Do you have a lot of people putting demands on your time? Seems like every time you turn around, your co-workers, boss, children, family, friends and neighbors need something from you. And when you’re so busy taking care of everyone else’s needs, you don’t have time to work on what YOU want to do (such as your goals and to-do list).
That’s why you need to learn to say “no” to these demands on your time.
Now before we go any further, let me say this: You don’t need to say “no” to every request. For example, you probably don’t want to say no to many of the requests coming from your immediate family members. However, maybe you just don’t have time to help your cousin move or drive your friend to the airport. And maybe you don’t have time to cover for a co-worker at work. These are the cases where you need to say no.

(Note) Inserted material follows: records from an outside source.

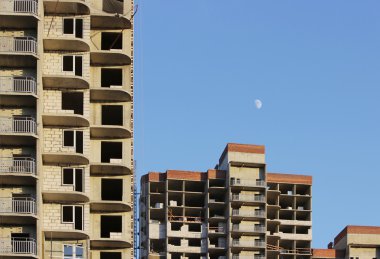 İnşaat çok katlı apartman dairesinde vinçle ağır yük taşıma platformu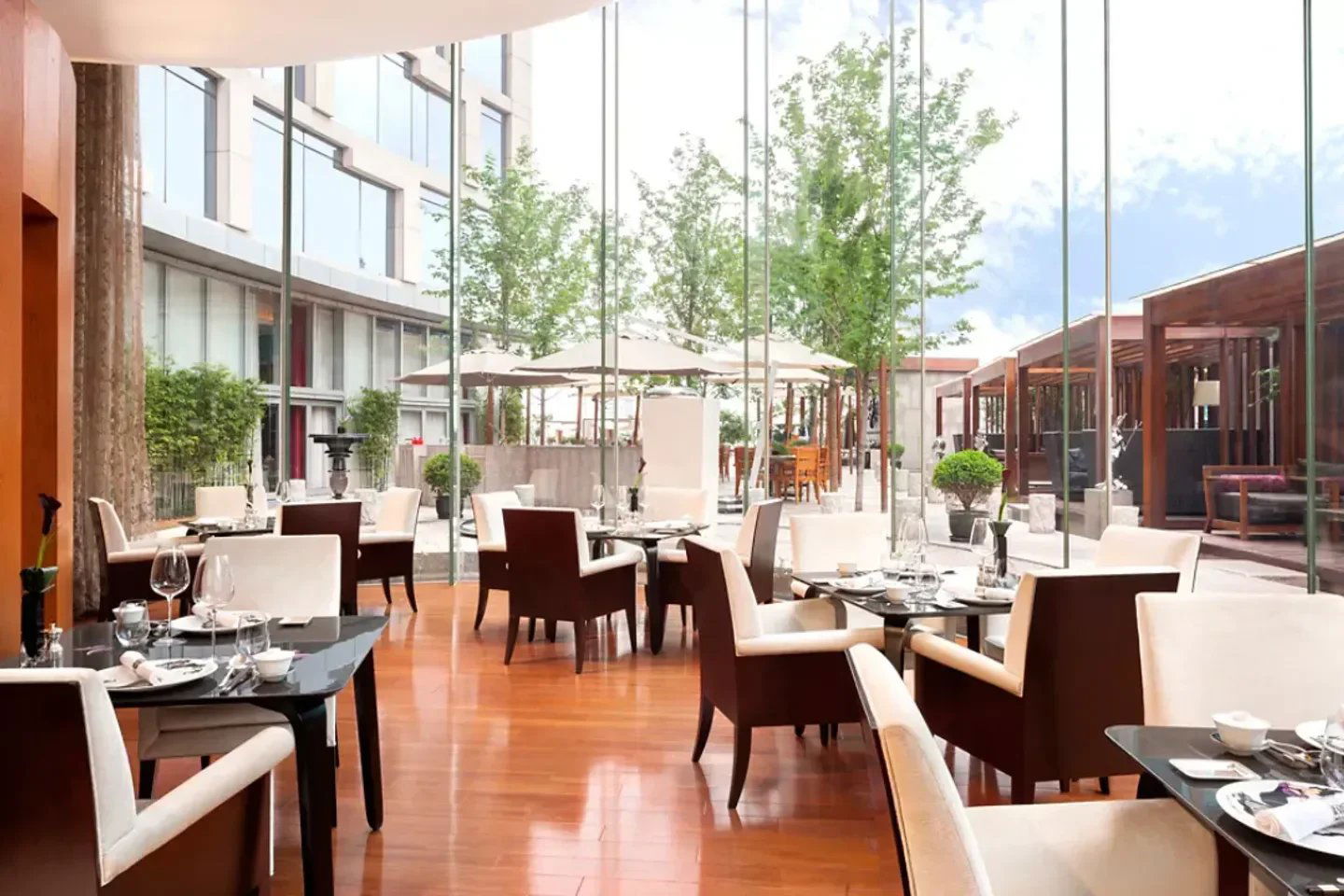 T’ang Court (Shanghai), Restaurant in Shanghai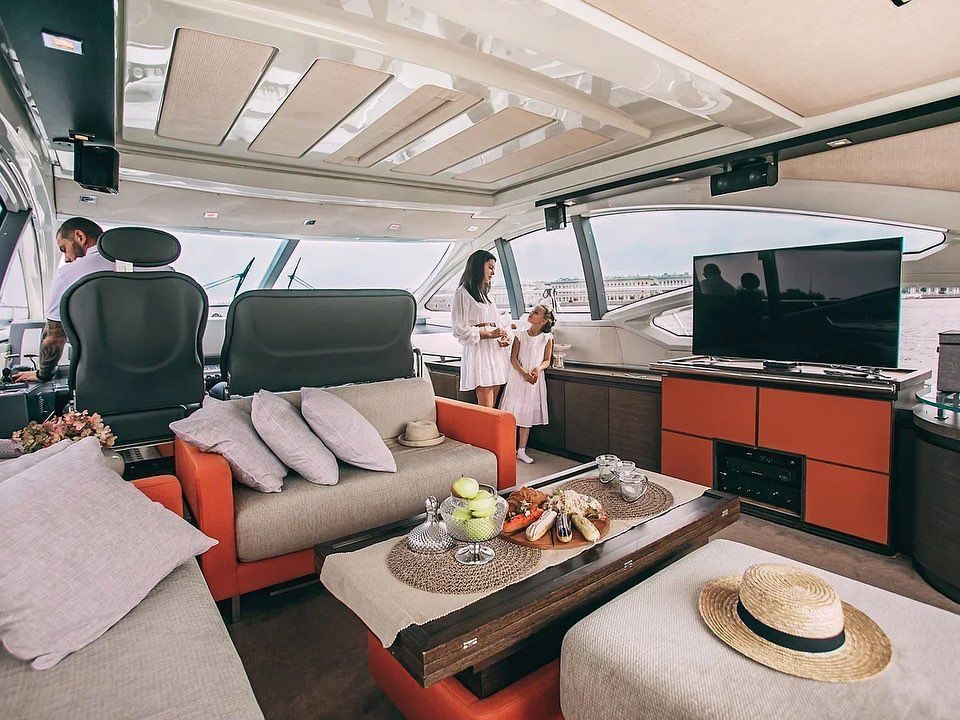 Яхта «Azimut 62» выходит в Неву — аренда с нашим капитаном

As such, the first thing you need to do when you get a request is to determine the priority of this request. That is, how important is it to you? If it comes from an immediate family member (such as a child), it’s probably a high priority for you too. You can handle the request yourself or ask another family member if they’re able to do it for you.
At other times you’re going to get requests from friends, family and co-workers that you don’t rate as particularly important to you. These items may be important to the person who’s asking. Indeed, you may even feel a little guilty if you say no, especially if you know this request is pretty important to the other person.

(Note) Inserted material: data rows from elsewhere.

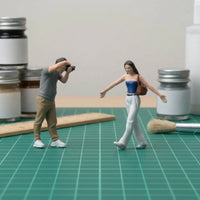 2 Pieces 1/64 Scale Figurine Pair Diorama-Style Hand Painted Tiny Person Realistic Detail Table Ornament for Model Display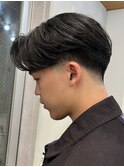 刈り上げセンターパートテーパーフェードカットニュアンスパーマ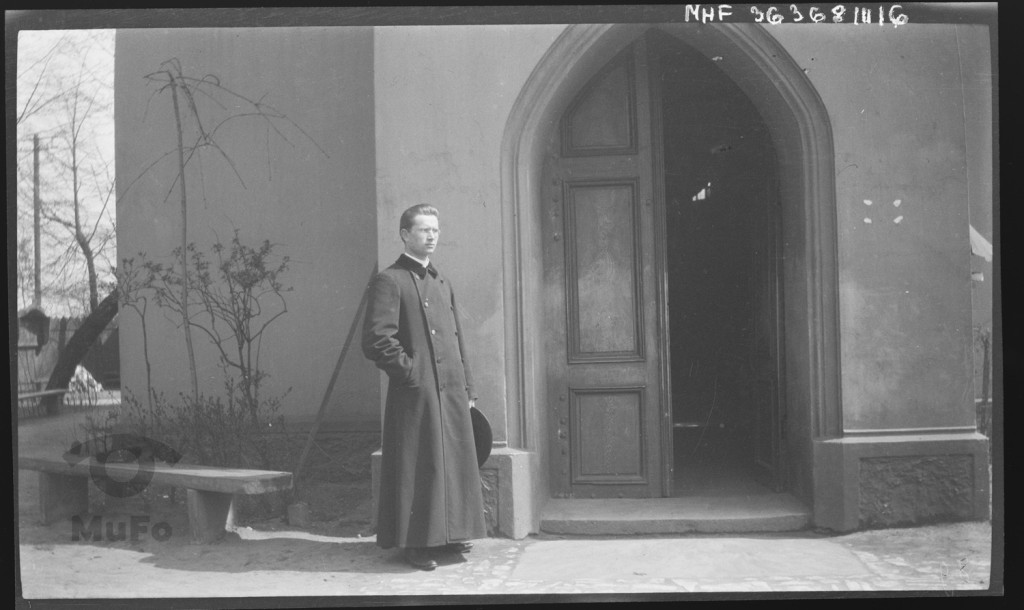 Ksiądz przed wejściem do kościoła Najświętszego Serca Pana Jezusa w Sosnowcu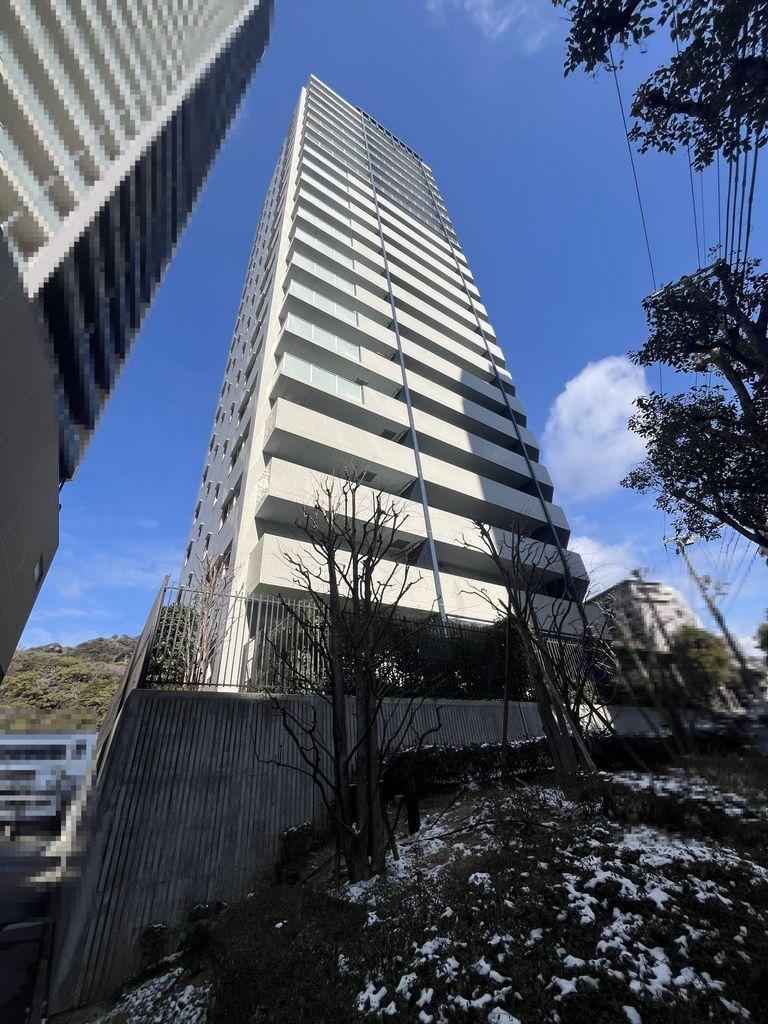 2LDK apartment in Chuo Ward, Kobe, Hyogo - Photo 1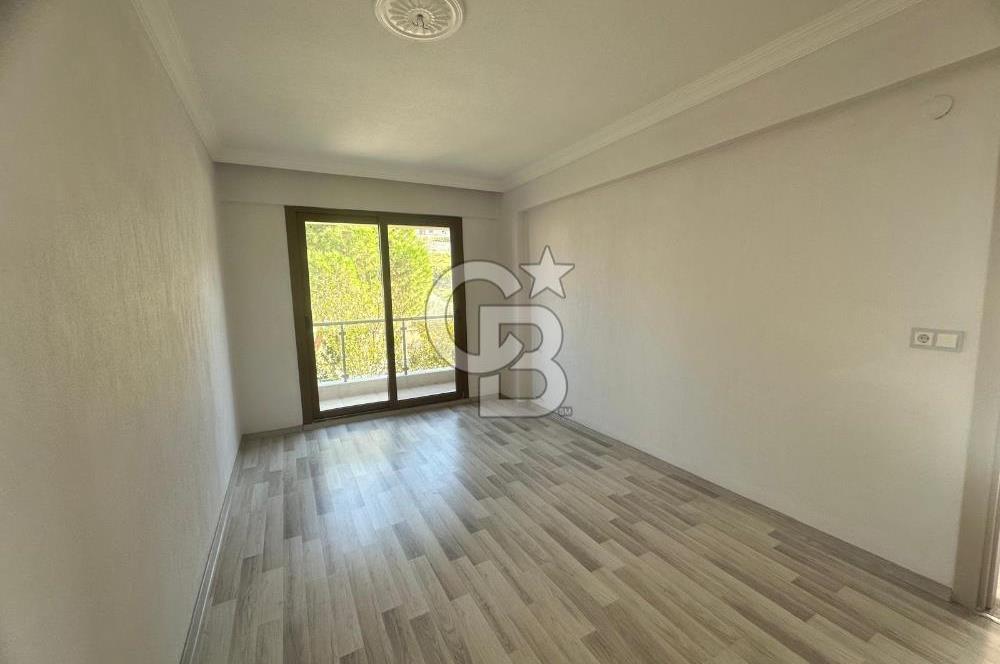 Foça Kazım Dirik Mahallesinde Kiralık 2+1 Açık Mutfak Daire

But remember this: Your goals are pretty important too. If you respond affirmatively to every request that people make of you, then you’re basically saying that everyone has activities going on in their lives that are more important than your own. That’s because if you say yes to everything, you’re going to run out of time to work on your own goals and to-do list. And that’s not fair either.

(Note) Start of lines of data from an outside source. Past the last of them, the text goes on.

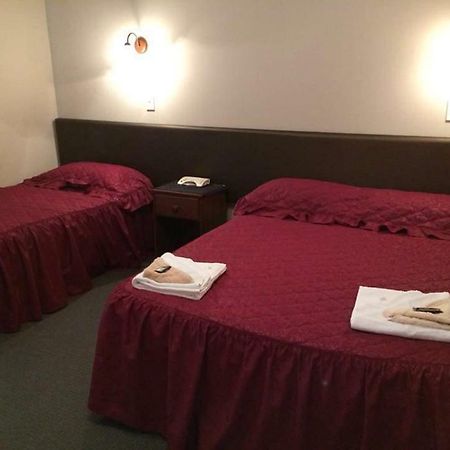 Feilding Hotel מראה חיצוני תמונה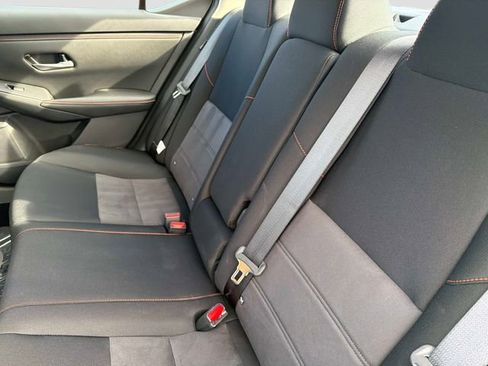 Used 2025 Nissan Sentra SR FWD image 11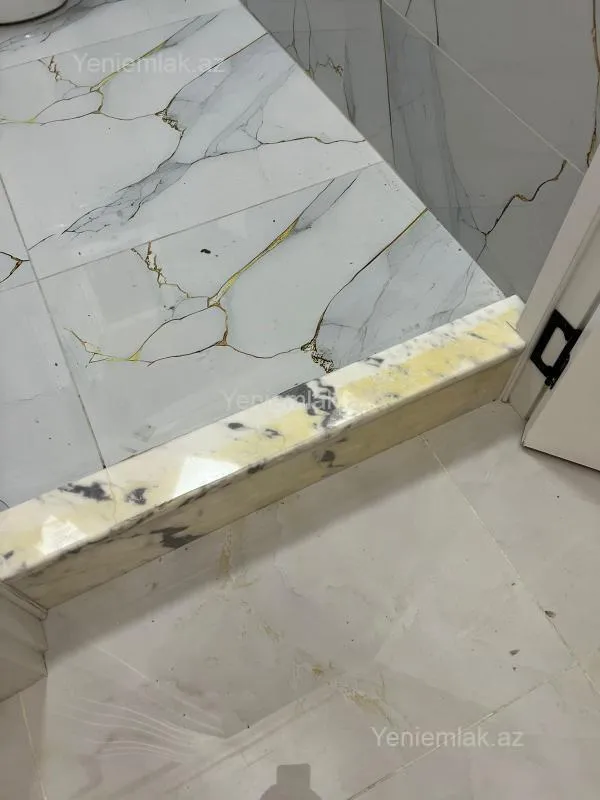 Satılır 2 otaqlı köhnə tikili 75 m²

Maybe you’re a people pleaser. Maybe you’re the type who hates to say no because you feel bad. If so, keep these tips in mind the next time you need to say no:
- Someone else’s lack of planning shouldn’t become your emergency. In other words, it’s not your responsibility to clean up other people’s mistakes. It’s not up to you to drop everything just because someone else planned poorly.
- Beware of those who try to manipulate you. Some people will try to make you feel guilty for not doing what they want. If someone is trying to emotionally manipulate or blackmail you, that’s a sign that this person really isn’t that good of a friend.
- You don’t need to explain yourself. If someone asks you to do something, simply say, “I’m sorry, but I’m unable to do that for you.” You don’t need to give a reason why, as offering a reason just gives the other person something to argue about.
Bottom line: When you get requests that you do not want to handle or cannot handle without some sacrifice, just say no. If you feel bad or guilty, just remember that your goals are just as important as the other person’s goals, so you need to take care of yours first. It’s all about priorities.